|Frigid Midget ice cube tray (Dial Industries, Inc.)
Designers have their own dialect. You always hear them using obscure little terms like kerning or serif -- words that the rest of the world mentally files under the heading, "Might come in handy one day while playing Scrabble; otherwise useless." Designers also have this magic catch-phrase, which they love to employ as often as possible: "Less is more." I've always had problems with that one -- it's sort of like saying, "Black is white," or "Ghengis Khan was a nice chap." Yes, I understand the underlying notion that it can sometimes be more rewarding to make do with less, or to have the discipline not to overdo something, but I don't buy it. I mean, in my life, more is more: more food, more money, more beer, more space in my overcrowded apartment -- if it's good, whatever it is, I want more. Doesn't everyone?
Or at least that's what I used to think. I had to revise my thoughts on this matter, however, when an acquaintance recently sent me the Frigid Midget, a plastic ice-cube tray that's about the same size as conventional trays but has many more individual cube molds. So instead of making the standard 14 or 16 ice cubes, the Frigid Midget's six-by-fifteen grid pattern results in a whopping 90 cubes, but each one is really tiny --sure enough, it's both less and more.

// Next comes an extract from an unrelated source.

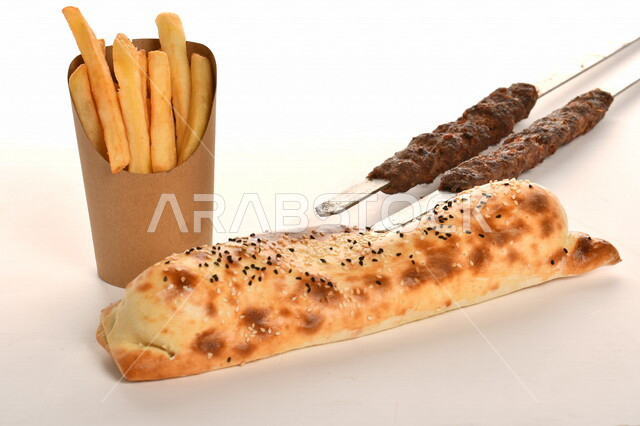 وجبة طعام لذيذة غنية بالبروتينات الشهية ، مأكولات عربية ، المطبخ العربي ، وصفات طعام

Design axioms notwithstanding, there's something oddly satisfying about a bunch of itsy-bitsy ice cubes. For starters, the whole tray feels great when you take it out of the freezer and twist it to release the cubes -- you can feel countless little ice-to-plastic adhesions breaking loose, as if you were cracking an infinite number of knuckles. It's also cool, even festive, to see all the tiny cubes cascading out of the tray when you tip it over -- much better than the dull clunkiness of cubes being dumped out of a conventional tray. Once liberated from the Frigid Midget, the cubes bob merrily in your Coke, water, or whatever, and they're the ideal size for those who like to chew their ice.